### Assignment:
What you return must be the lines from the first one below through the one containing "Kim Kardashian faz", exactly and with pictures excluded.

[Scraped caption text data]
####
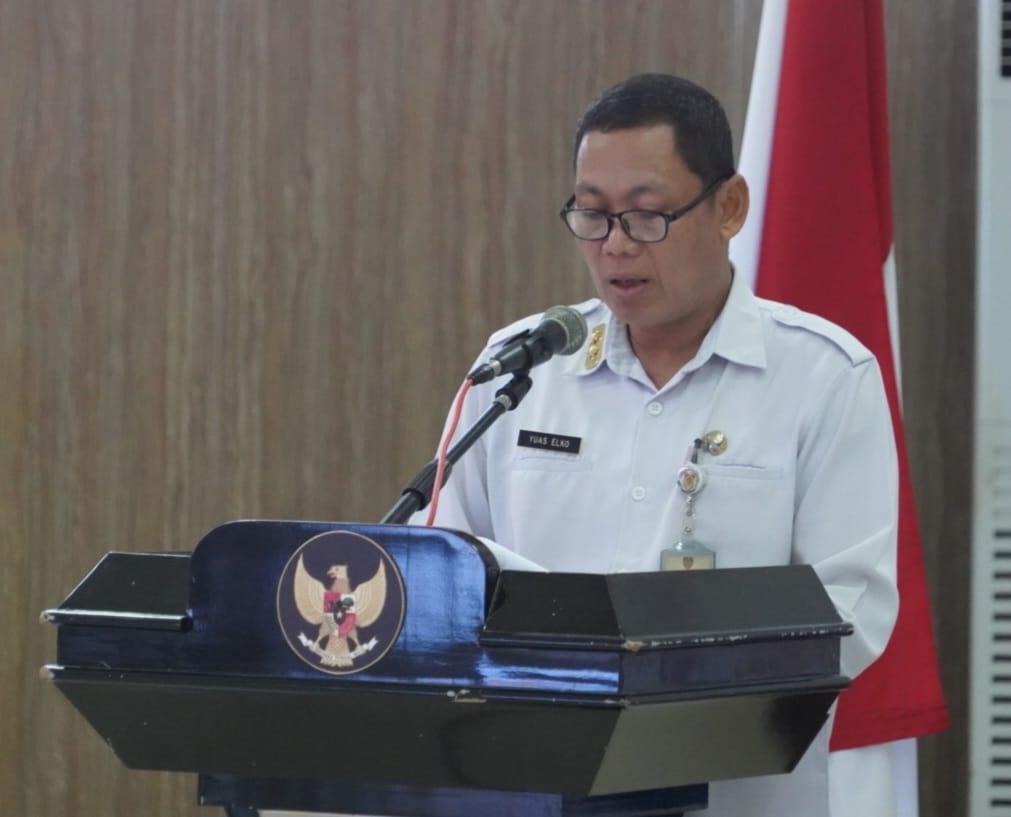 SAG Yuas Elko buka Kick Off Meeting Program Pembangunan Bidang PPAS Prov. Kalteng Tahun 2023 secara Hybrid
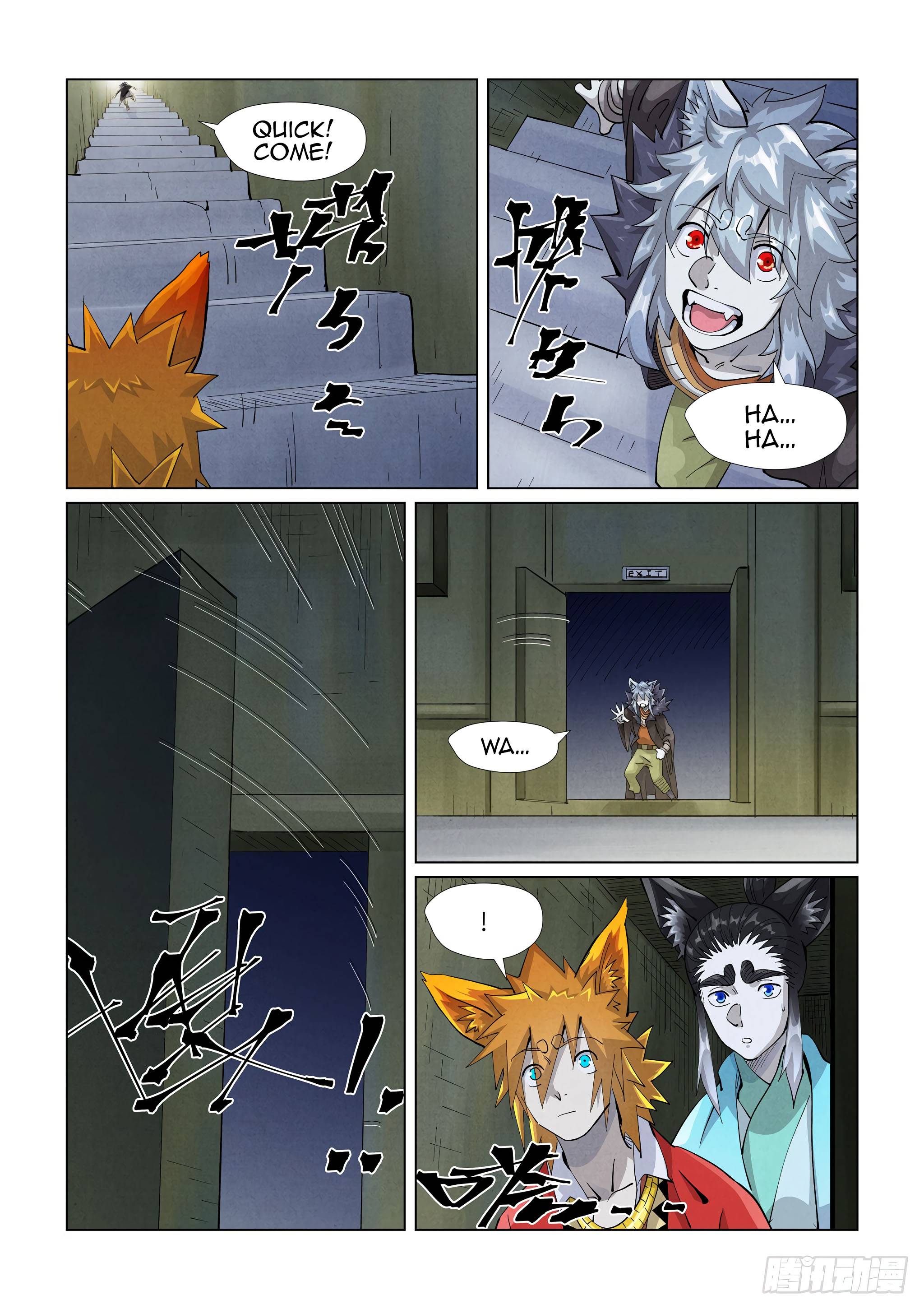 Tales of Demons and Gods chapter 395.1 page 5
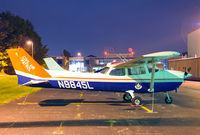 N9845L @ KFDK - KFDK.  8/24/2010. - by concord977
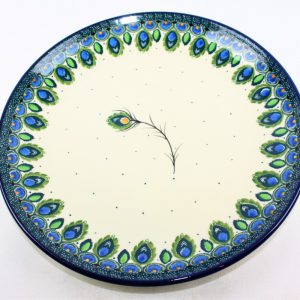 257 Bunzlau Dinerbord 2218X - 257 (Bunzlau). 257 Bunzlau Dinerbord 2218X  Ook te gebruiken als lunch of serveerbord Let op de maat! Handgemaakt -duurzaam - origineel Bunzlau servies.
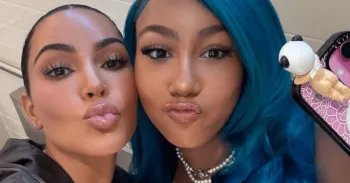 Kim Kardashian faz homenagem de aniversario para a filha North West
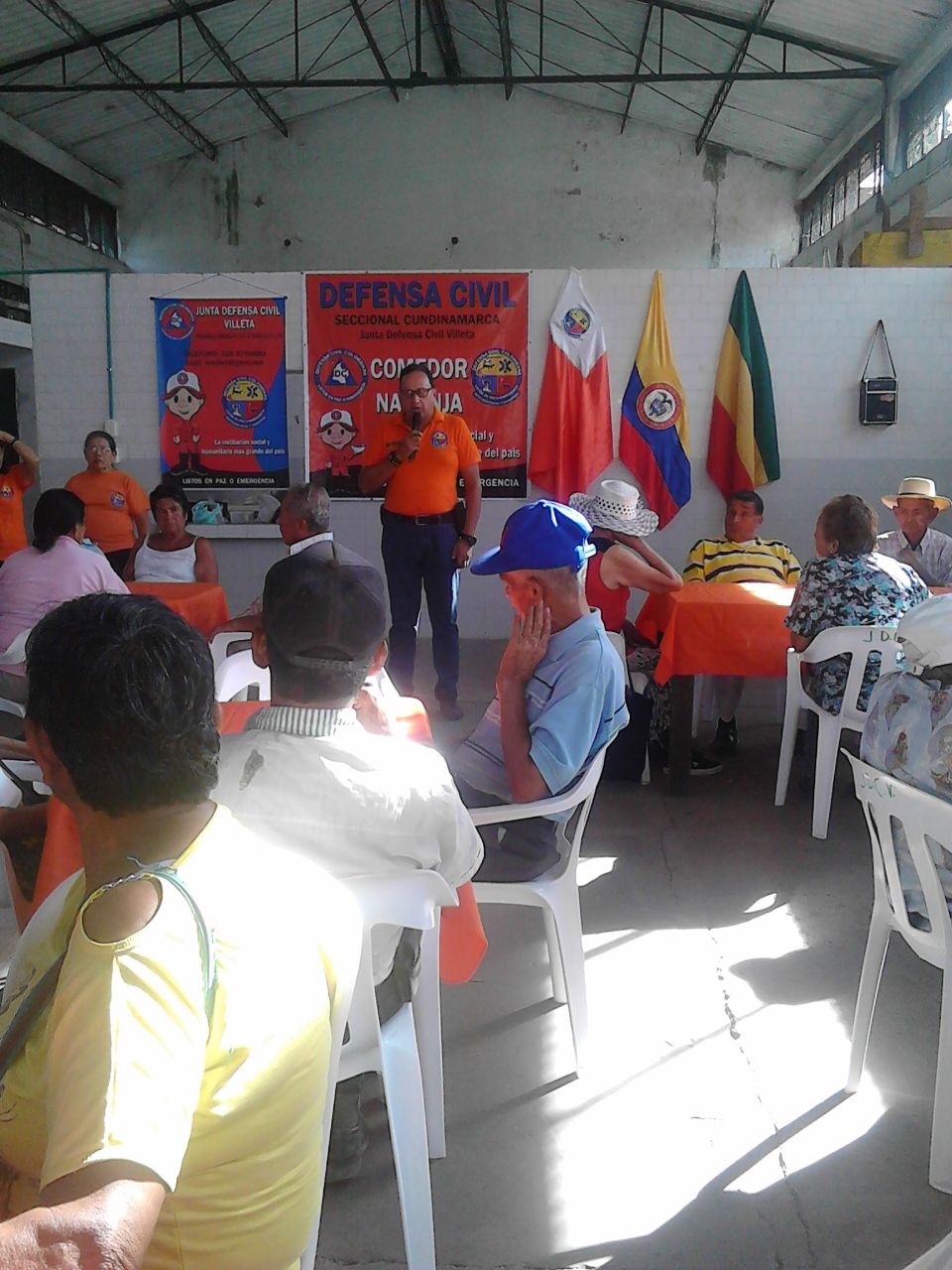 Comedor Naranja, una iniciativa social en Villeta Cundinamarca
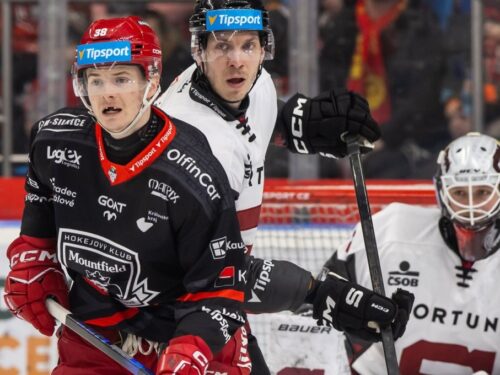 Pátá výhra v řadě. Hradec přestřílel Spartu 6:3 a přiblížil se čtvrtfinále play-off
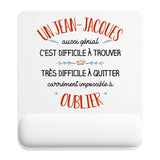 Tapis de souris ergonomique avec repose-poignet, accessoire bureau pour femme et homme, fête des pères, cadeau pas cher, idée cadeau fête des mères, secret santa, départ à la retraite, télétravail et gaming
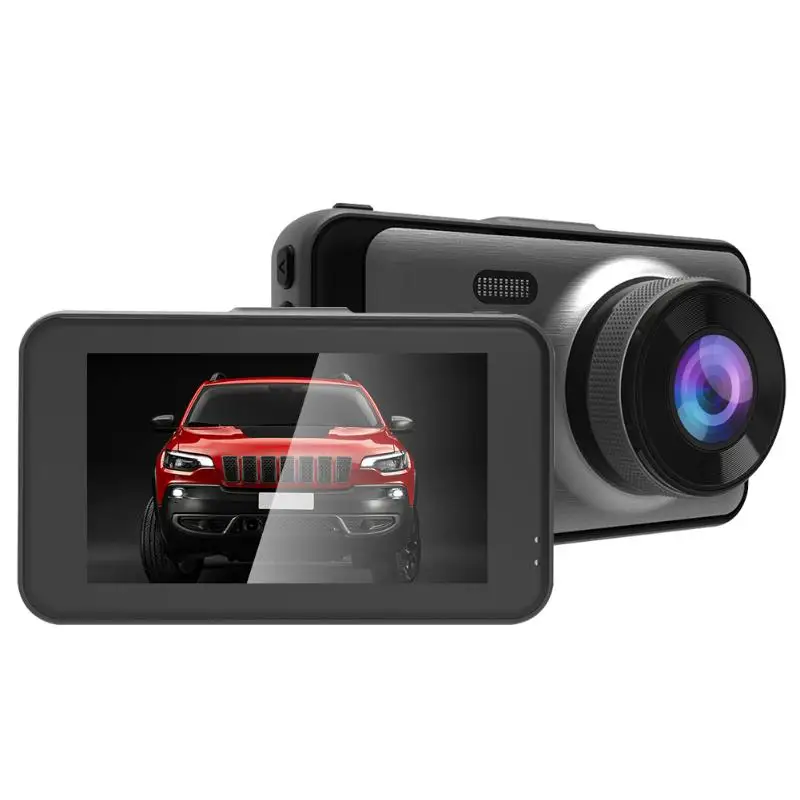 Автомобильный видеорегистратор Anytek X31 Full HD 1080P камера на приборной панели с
####
### Exercise response:
 SAG Yuas Elko buka Kick Off Meeting Program Pembangunan Bidang PPAS Prov. Kalteng Tahun 2023 secara Hybrid
 Tales of Demons and Gods chapter 395.1 page 5
 N9845L @ KFDK - KFDK.  8/24/2010. - by concord977
 257 Bunzlau Dinerbord 2218X - 257 (Bunzlau). 257 Bunzlau Dinerbord 2218X  Ook te gebruiken als lunch of serveerbord Let op de maat! Handgemaakt -duurzaam - origineel Bunzlau servies.
 Kim Kardashian faz homenagem de aniversario para a filha North West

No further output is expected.